We agreed almost instantly and actually meeting the young monks on a rare festive occasion the following day sealed our fate.
Despite having no resources at all and no real concept of exactly how to teach a group of monks of widely divergent ages and with no shared language, we were hooked. Thus our quick trip to the capital en route to Bangkok became a mission to find and purchase books, flashcards, posters and as many other resources as possible.
Now we also have our own personal project. Unlike most other overseas teaching positions we have filled, we were completely on our own with this. It’s somewhat daunting given that we know little or nothing about the Cambodian education system or the protocol of how to behave in the ‘temple’ or interact with monks, somewhat challenging in that the need is great and the funds non existent and somewhat exhilarating in that having never approached anything like it before both we and the little monks are having so much fun together.
We returned from the capital loaded with all we thought we might need with one notable exception – a whiteboard or blackboard. We thought the latter would be more appropriate, cheaper and less likely to be damaged but that meant we had to construct it. Once again, Yary to the rescue. When we next saw her she was keen to find out how our project was going and immediately stated that we needed to do a quick sketch then and there so that her carpenters could make us a board.

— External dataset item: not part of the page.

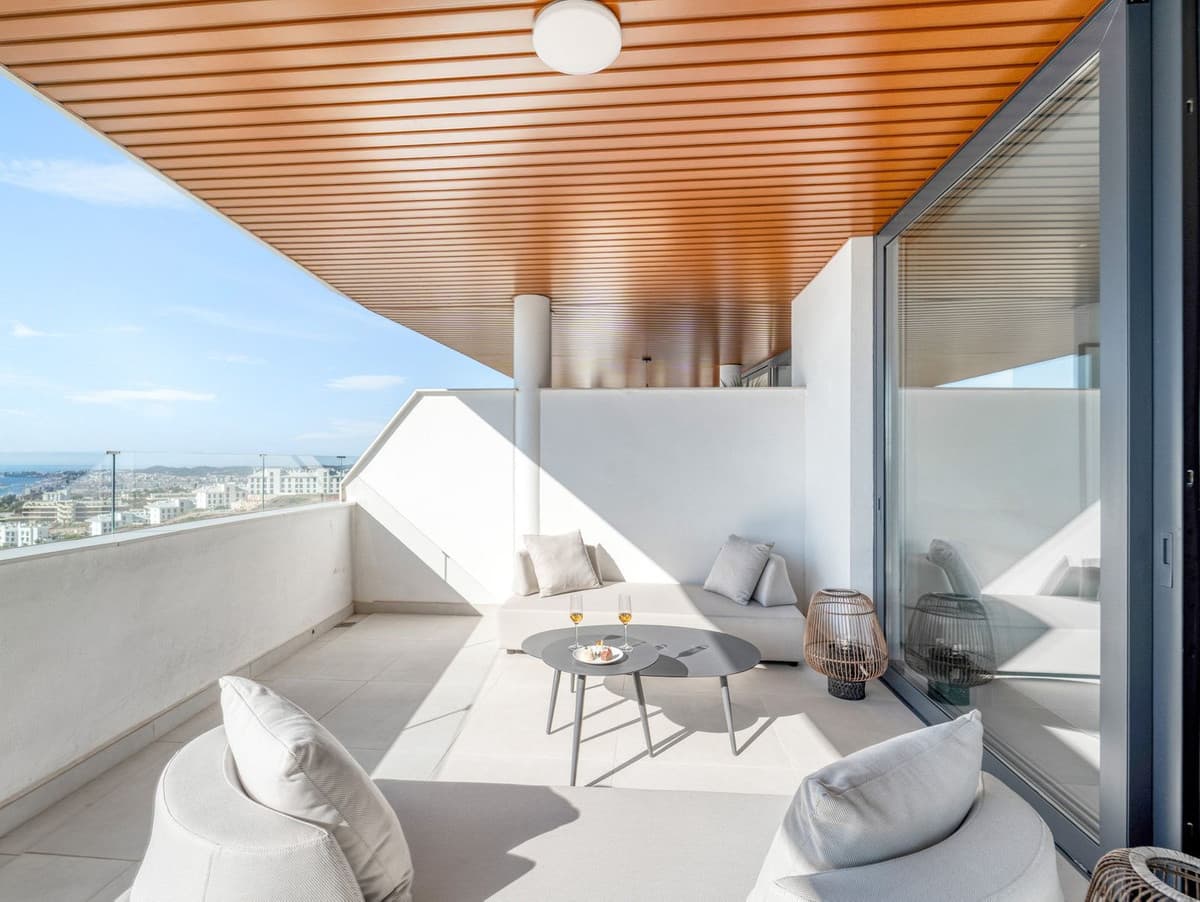 Middle Floor Apartment in Fuengirola — photo 4 of 10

Due to their religious duties our little monks- I try not to call them monkeys tempting as it is, are also scheduled for afternoon classes, so Tuesdays and Wednesdays involve cycling off in the heat of the day and along another well rutted and dusty unsealed back road. We chose to begin with Kep Gardens in November since once we start consistency is essential. Now after a grand total of just three sessions we can see the beginnings of writing and recognizing the alphabet and a few simple words, counting confidently to ten and several simple rejoinder conversations that they are able to retain.
We know so little about early childhood education that it is a trial and error process but we are eager to do what we can and they are delighted with the writing, chorusing and attention generally. Sleepy little faces emerge as soon as we dismount and they start setting up low tables and mats just as we did on the first session. It is the active learning activities, with cards, relay running and balls that they love the most. I wonder if they even have play time.
They have amazing powers of concentration and attention given that they do not eat after twelve noon and we arrive mid afternoon. Their earnest little faces and endearing mannerisms have already won our hearts and inspired us to do as much as possible to help.
Janine has been generous with the resources she has accumulated over the years and we have a growing client relationship with a local print shop due to the volume of material we print.
This seems to have become an epic update but I will end with a few anecdotes from the first few classes:-
1. One of the youngest among them was painstakingly tracing and writing the letter “d” while muttering under his breath “Here you are. Thank you” like he was a chanting a prayer. We had been doing that just before the letters and he obviously wanted to remember.
2. Another of the older boys was colouring with such care and attention and repeating to himself “good boy, good boy” in exactly the tone I use.
3. After having lined up all the cards and realia they can recognise at the opposite end of the room, Ian and I tried to demonstrate the idea of hearing the word and racing to get the object nominated. As we took of running they ALL did too and returned with every single item!!
It would help to be able to explain and give instructions in a language they already know but we are getting by and its all part of the fun.